Le pavillon du Liban présente une histoire pas banale, un beau message dans ce Proche Orient qui s'enflamme. En 1982, une histoire a circulé au Sud Liban, alors occupé par Israël. Un pilote israélien est chargé de bombarder une cible mais sachant que le bâtiment en question abrite une école, il ne le visera pas et lâchera ses bombes dans la mer. Le père d'Akram Zaatari, l'artiste choisi pour ce pavillon, a enseigné 20 ans dans cette école. Akram a longtemps pris cette histoire comme une fable avant d'apprendre la véritable identité de ce pilote. Son installation vidéo Letter to a Refusing Pilot s'inspire du Petit Prince ou encore Lettre à un ami allemand d'Albert Camus. Une documentation de qualité sous forme de journal est à la disposition de chaque visiteur pour mieux comprendre cette œuvre singulière. Tout près du pavillon libanais, nous nous retrouvons dans celui du Bahreïn. Un véritable livre est à disposition du public pour expliquer les œuvres sélectionnées. Plusieurs pièces s'imbriquent les unes dans les autres et au cœur de ce dédale, nous faisons face à une véritable fresque dont une femme est l’héroïne. Mariam Haji se représente entourée de purs-sangs aux muscles saillants dans The Victory réalisée en 2013. Née en 1985, l'artiste a suivi des études d'art en Écosse et à Melbourne, ville où elle a exposée depuis après quelques  opportunités dans son pays natal. Pour la deuxième participation du pays à la Biennale de Venise, l'occasion était belle de mettre en avant ces talents nationaux comme Maria Haji ou Waheeda Malullah, présente elle à l'Institut du Monde Arabe de Paris ainsi qu'au British Museum. On ne sait pas l'identité de cette femme voilée qu'elle représente esthétiquement sur ses photos, dans son quotidien de femme au Bahreïn : A Villager's Day Out.

 
 
 

L'ambiance est tout aussi sombre dans le pavillon de la Chine. On y voit des peintures plutôt académiques, des photographies pas si inspirées. Mais c'est clairement dans les vidéos 3D que les artistes chinois s'affirment face aux autres sites de la Biennale. Sur le haut mur ou sur des cubes ainsi éclairés, on apprécie la maîtrise de l'exercice vidéo par Miao Xiaochun : The Last Judgment of Cyberspace ou Out of Nothing. Il parle d' "algorithmic painting".

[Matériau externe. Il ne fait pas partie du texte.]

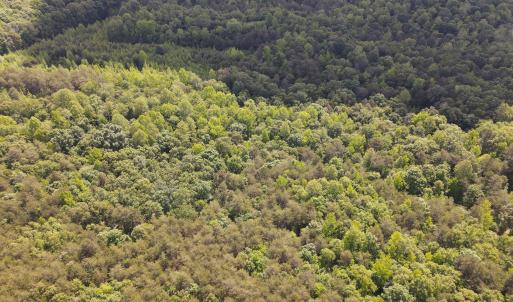 DJI_0476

L'ambiance du pavillon des Bahamas est plus détendue même si on est aux antipodes des palmiers et du sable fin. L'Arctique est le thème choisi pour l'exposition de Tavares Strachan : Polar Eclipse. Il faut dire que l'artiste qui vit au Bahamas est plutôt fan des régions polaires. Il s'est lui même déplacé au Pôle Nord et a même participé à un stage d'entrainement pour cosmonautes au centre Yuri Gagarin en Russie. Dans ce pavillon, il peut à la fois maintenir un bloc de glace à moins 60 degrés ou se représenter à côté du drapeau de son pays pour tourner en dérision la course à l'Arctique des pays frontaliers. Et on aime bien aussi deviner les contours de son squelette quasi transparent.

 
 

Terminons le tour de l'Arsenale par une impression colorée dans le pavillon de l'Amérique Latine.

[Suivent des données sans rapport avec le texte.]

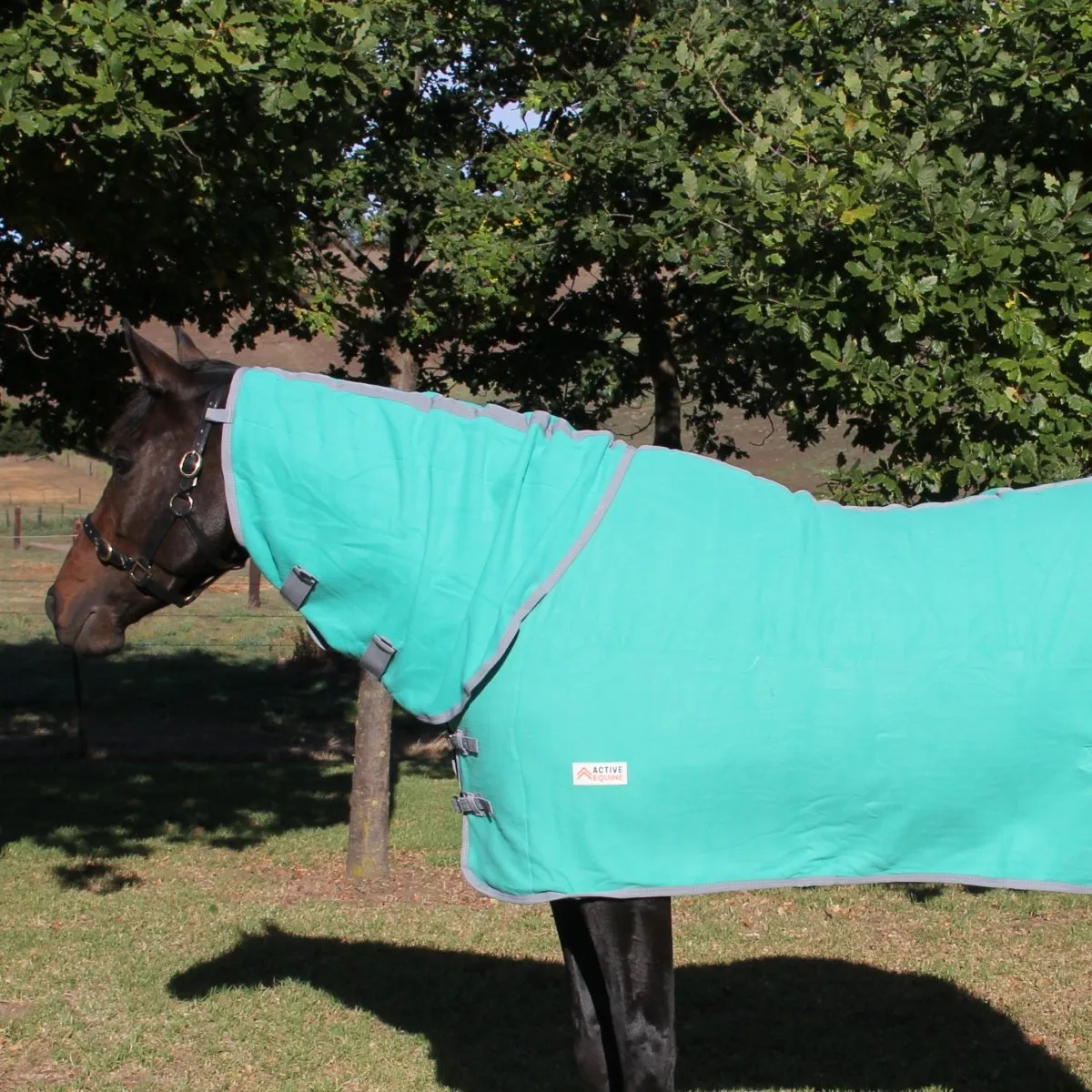 Fleece Horse Rug and Combo Rug | Active Equine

Sinon, l'art est tout autour de la ville. Le pavillon du Kenya est situé à deux pas de San Marco. Les touristes chinois très nombreux à Venise se prennent en photo devant les œuvres de leurs compatriotes comme Feng Zhengje.

 

Bien planqué dans une ruelle près du Palazzo Grassi, on finit par trouver The Enclave de Richard Mosse dans le pavillon irlandais. Des paysages voient la vie en rose alors que des vidéos rendent le lieu beaucoup moins paradisiaques avec une ambiance entre guerilla et souffrance de civils au Congo. Jugeant ce conflit ignoré de l'opinion publique, l'artiste a choisi symboliquement l'infrarouge.

 

Terminons par une installation qui n'est pas liée à un pavillon national. Bashir Makhoul et Aissa Deebi sont des artistes palestiniens. Ils ont garni le jardin d'une résidence de cartons. Pour eux, l'engagement artistique est par essence politique. Otherwise Occupied rappelle bien sûr l'occupation de colons israéliens tout en essayant par le "otherwise" de ne pas limiter l'existence de la Palestine à cette situation. Giardino Occupato évoque ci dessous les difficiles conditions de logement dans les villages et les camps de réfugiés. Cette occupation de jardin est certes beaucoup ludique quand on confie des objets coupants à des enfants qui donnent vie à ces cartons. Un message positif.